This means that the implementation code is written in the same file as the tests.
The Database service is currently spoofed with a class that performs look ups equivalent to "LIKE" lookups.
- In order to narrow the search space as quickly as possible, we first find a subset of only those tokens which contain at least one of the words in the subject.
- Find the maximum sensible number of words in a token - which is the minimum of the maximum number of words in any token stored in the database and the total number of words in the message to be compressed.
- Beginning with the maximum, attempt to match groups of words of this size to tokens.
- We slide a window of this group size along the subject - starting with the first word.
- When groups are matched they are removed from the search subject.
- We continue to look for smaller and smaller groups until we are searching for single words.
- Because this method does not guarantee the fewest tokens, we're using simulated annealing to decide whether to repeat the process, searching for a breakdown which produces fewer tokens.
- The annealing threshold is essentially a value between 0 and 1, which decreases with each cycle.

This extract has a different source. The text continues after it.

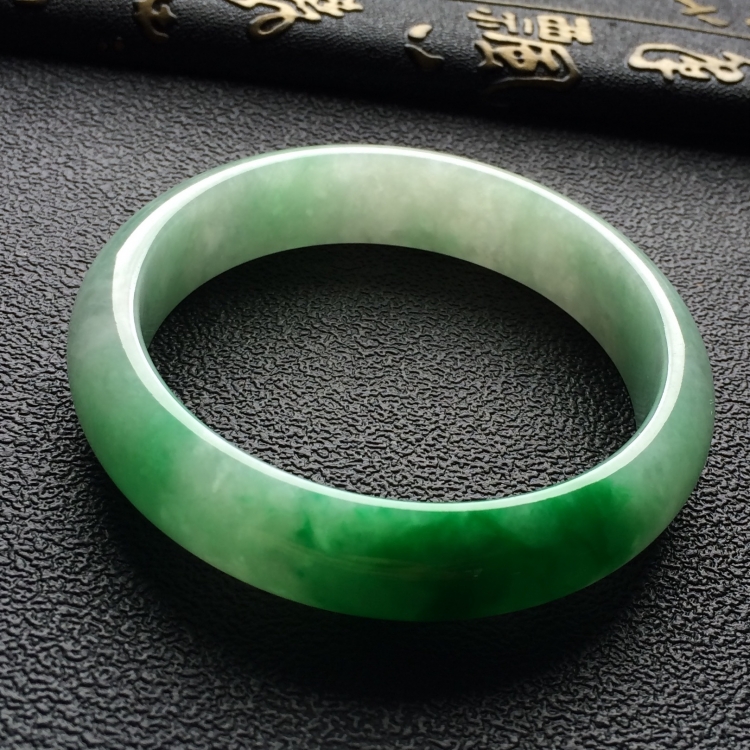 （超值推荐）糯冰种飘阳绿手镯（57.5mm）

We then generate a random value and if it's higher than the annealing threshold, we repeat the process.
- If we repeat, we do so by starting again using max-1 as the supposed maximum group size.
- Some subjects will first need to be subdivided using David A's search for links / twitter handles / numbers etc.

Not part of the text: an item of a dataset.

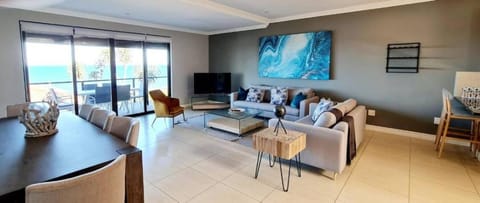 Whale Watchers Paradise - 7 Sovereign Sands Apartment in KwaZulu-Natal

- In many cases we'll have multiple smaller subjects, rather than a single long subject.
If 'max' is large, instead of repeating the process with max-1, we could select a value between (2 and max-1) at random. Or we could do interval bisection - eg max, max/2, 3max/4, max/4... and so on.
It's not yet possible to tell whether this is a true hill climbing problem (in which there are smooth rises and falls in results over sets of values) or whether it's just a discontinuous set of results.
We could allow users to set the annealing value for themselves (a high value means lots of tries at finding a more efficient breakdown, a low value or 0 means that the first attempt is accepted).
Or... we could keep count of our tokens and alter the annealing value accordingly - ie, if this message is now shorter than the 140 (or less) tokens that means I can tweet it, we're done.